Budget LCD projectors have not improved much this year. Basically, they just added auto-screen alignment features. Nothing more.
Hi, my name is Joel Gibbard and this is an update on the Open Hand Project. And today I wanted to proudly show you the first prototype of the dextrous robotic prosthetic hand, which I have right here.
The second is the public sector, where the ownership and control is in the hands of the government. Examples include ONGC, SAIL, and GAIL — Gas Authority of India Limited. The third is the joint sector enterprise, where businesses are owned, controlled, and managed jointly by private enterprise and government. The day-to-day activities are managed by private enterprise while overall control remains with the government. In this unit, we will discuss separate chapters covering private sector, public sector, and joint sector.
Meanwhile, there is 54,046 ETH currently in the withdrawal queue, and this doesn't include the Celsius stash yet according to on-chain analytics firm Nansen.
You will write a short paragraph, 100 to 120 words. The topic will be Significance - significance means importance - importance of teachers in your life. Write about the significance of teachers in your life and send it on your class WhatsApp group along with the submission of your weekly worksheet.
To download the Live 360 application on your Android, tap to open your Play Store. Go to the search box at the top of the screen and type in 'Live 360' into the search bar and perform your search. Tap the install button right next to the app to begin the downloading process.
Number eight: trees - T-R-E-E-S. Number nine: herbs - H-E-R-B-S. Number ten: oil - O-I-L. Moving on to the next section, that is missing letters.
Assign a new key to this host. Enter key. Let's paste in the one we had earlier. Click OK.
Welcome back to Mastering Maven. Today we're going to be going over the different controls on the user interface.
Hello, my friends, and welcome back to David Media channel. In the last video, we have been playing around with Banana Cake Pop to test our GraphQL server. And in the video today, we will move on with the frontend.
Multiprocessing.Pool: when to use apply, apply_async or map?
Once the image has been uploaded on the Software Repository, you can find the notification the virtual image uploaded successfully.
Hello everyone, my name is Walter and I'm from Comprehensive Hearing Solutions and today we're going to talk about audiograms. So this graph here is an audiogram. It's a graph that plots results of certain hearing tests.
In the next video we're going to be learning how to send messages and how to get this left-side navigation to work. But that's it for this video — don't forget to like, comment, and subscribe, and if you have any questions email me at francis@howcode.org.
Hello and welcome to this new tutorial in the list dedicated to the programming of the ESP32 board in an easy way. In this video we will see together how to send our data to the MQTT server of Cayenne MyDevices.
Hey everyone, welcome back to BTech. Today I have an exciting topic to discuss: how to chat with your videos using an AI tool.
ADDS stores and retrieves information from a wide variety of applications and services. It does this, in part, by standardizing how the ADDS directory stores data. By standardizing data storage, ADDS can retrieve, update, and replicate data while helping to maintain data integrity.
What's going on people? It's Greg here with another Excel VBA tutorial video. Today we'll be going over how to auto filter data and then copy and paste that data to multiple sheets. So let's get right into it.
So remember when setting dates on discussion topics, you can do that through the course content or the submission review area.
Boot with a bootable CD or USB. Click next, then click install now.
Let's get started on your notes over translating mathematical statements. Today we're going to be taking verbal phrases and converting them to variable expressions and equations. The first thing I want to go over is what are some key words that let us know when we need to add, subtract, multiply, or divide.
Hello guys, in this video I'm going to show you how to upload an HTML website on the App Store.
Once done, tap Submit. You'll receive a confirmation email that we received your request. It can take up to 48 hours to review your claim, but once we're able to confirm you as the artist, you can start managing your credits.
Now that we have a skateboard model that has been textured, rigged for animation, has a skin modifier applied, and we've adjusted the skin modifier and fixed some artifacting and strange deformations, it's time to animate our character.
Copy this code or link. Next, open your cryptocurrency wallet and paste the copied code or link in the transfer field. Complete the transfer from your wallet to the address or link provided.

What the exercise asks: Print each line above exactly as it stands.

Output of the task:
Budget LCD projectors have not improved much this year. Basically, they just added auto-screen alignment features. Nothing more.
Hi, my name is Joel Gibbard and this is an update on the Open Hand Project. And today I wanted to proudly show you the first prototype of the dextrous robotic prosthetic hand, which I have right here.
The second is the public sector, where the ownership and control is in the hands of the government. Examples include ONGC, SAIL, and GAIL — Gas Authority of India Limited. The third is the joint sector enterprise, where businesses are owned, controlled, and managed jointly by private enterprise and government. The day-to-day activities are managed by private enterprise while overall control remains with the government. In this unit, we will discuss separate chapters covering private sector, public sector, and joint sector.
Meanwhile, there is 54,046 ETH currently in the withdrawal queue, and this doesn't include the Celsius stash yet according to on-chain analytics firm Nansen.
You will write a short paragraph, 100 to 120 words. The topic will be Significance - significance means importance - importance of teachers in your life. Write about the significance of teachers in your life and send it on your class WhatsApp group along with the submission of your weekly worksheet.
To download the Live 360 application on your Android, tap to open your Play Store. Go to the search box at the top of the screen and type in 'Live 360' into the search bar and perform your search. Tap the install button right next to the app to begin the downloading process.
Number eight: trees - T-R-E-E-S. Number nine: herbs - H-E-R-B-S. Number ten: oil - O-I-L. Moving on to the next section, that is missing letters.
Assign a new key to this host. Enter key. Let's paste in the one we had earlier. Click OK.
Welcome back to Mastering Maven. Today we're going to be going over the different controls on the user interface.
Hello, my friends, and welcome back to David Media channel. In the last video, we have been playing around with Banana Cake Pop to test our GraphQL server. And in the video today, we will move on with the frontend.
Multiprocessing.Pool: when to use apply, apply_async or map?
Once the image has been uploaded on the Software Repository, you can find the notification the virtual image uploaded successfully.
Hello everyone, my name is Walter and I'm from Comprehensive Hearing Solutions and today we're going to talk about audiograms. So this graph here is an audiogram. It's a graph that plots results of certain hearing tests.
In the next video we're going to be learning how to send messages and how to get this left-side navigation to work. But that's it for this video — don't forget to like, comment, and subscribe, and if you have any questions email me at francis@howcode.org.
Hello and welcome to this new tutorial in the list dedicated to the programming of the ESP32 board in an easy way. In this video we will see together how to send our data to the MQTT server of Cayenne MyDevices.
Hey everyone, welcome back to BTech. Today I have an exciting topic to discuss: how to chat with your videos using an AI tool.
ADDS stores and retrieves information from a wide variety of applications and services. It does this, in part, by standardizing how the ADDS directory stores data. By standardizing data storage, ADDS can retrieve, update, and replicate data while helping to maintain data integrity.
What's going on people? It's Greg here with another Excel VBA tutorial video. Today we'll be going over how to auto filter data and then copy and paste that data to multiple sheets. So let's get right into it.
So remember when setting dates on discussion topics, you can do that through the course content or the submission review area.
Boot with a bootable CD or USB. Click next, then click install now.
Let's get started on your notes over translating mathematical statements. Today we're going to be taking verbal phrases and converting them to variable expressions and equations. The first thing I want to go over is what are some key words that let us know when we need to add, subtract, multiply, or divide.
Hello guys, in this video I'm going to show you how to upload an HTML website on the App Store.
Once done, tap Submit. You'll receive a confirmation email that we received your request. It can take up to 48 hours to review your claim, but once we're able to confirm you as the artist, you can start managing your credits.
Now that we have a skateboard model that has been textured, rigged for animation, has a skin modifier applied, and we've adjusted the skin modifier and fixed some artifacting and strange deformations, it's time to animate our character.
Copy this code or link. Next, open your cryptocurrency wallet and paste the copied code or link in the transfer field. Complete the transfer from your wallet to the address or link provided.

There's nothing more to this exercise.